A patroa do piquete, a jornalista e professora universitária Sátira Machado, conta que o espaço tem origem na luta contra o racismo. “O Piquete Pêlo Escuro, que é um departamento do Instituto Oliveira Silveira, nasce no contexto dos 50 anos do 20 de novembro, que foi em 2021. A partir daí, muitas dimensões começaram a resgatar a história dos negros e negras nas culturas gaúchas.”
Ela reforça a importância de olhar de forma crítica para o conservadorismo cultural, mas sem negar a cultura. Com festa e atividades culturais, como o lançamento do livro sobre Manoel Padeiro, quilombola conhecido como o Zumbi dos Pampas, o piquete reforça a presença negra na história e também na atualidade do estado.
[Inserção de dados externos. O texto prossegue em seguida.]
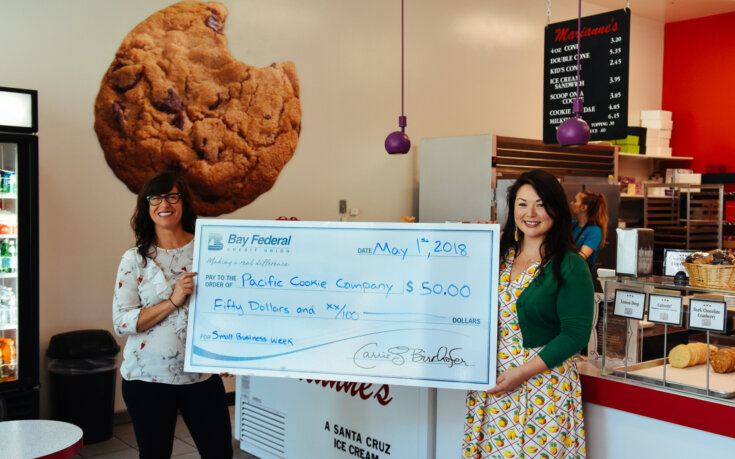 Bay Fed and a Big Check Help Us Celebrate Small Business Week!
Machado conta que o espaço busca fazer o movimento negro gaúcho se sentir em casa. “Voltando ao Acampamento Farroupilha para que a gente consiga entender que esse espaço também é afro, também é gaúcho, que é algo que o grupo Palmares, Oliveira Silveira, as mulheres do grupo Palmares sempre trouxeram nas suas narrativas, dessa importância de achar que esta terra também é nossa querência sim! Estamos aqui, fazemos sim parte dessa história linda do Rio Grande do Sul.”
Piquete do Sindicato dos Bancários
Outro piquete com viés progressista é o dos Bancários. O espaço do Sindicato dos Bancários de Porto Alegre e Região (SindBancários) é lugar de confraternização de trabalhadores e suas famílias.
“O bancário participa muito”, conta o diretor sindical Edson Rocha, patrão do piquete. “Ele sai da agência, vem aqui, faz a reunião da agência, alguns trazem seus familiares. Deixamos toda a infraestrutura pronta: temos carvão, espeto, bebidas, pratos. Ele só traz a carne, o principal. E confraternizamos aí. As noites são sempre bem lotadas, e bem agradáveis.”
A luta sindical está nas paredes do Piquete dos Bancários. Segundo Rocha, o local também é espaço de reflexão sobre a realidade dos trabalhadores. “[É um lugar de] confraternizar, resgatar a história do nosso Rio Grande e, diante disso, também temos as excursões da nossa campanha salarial. A gente consegue fazer um debate sobre o que está acontecendo: fechamento de agência, demissões, cobrança de metas.”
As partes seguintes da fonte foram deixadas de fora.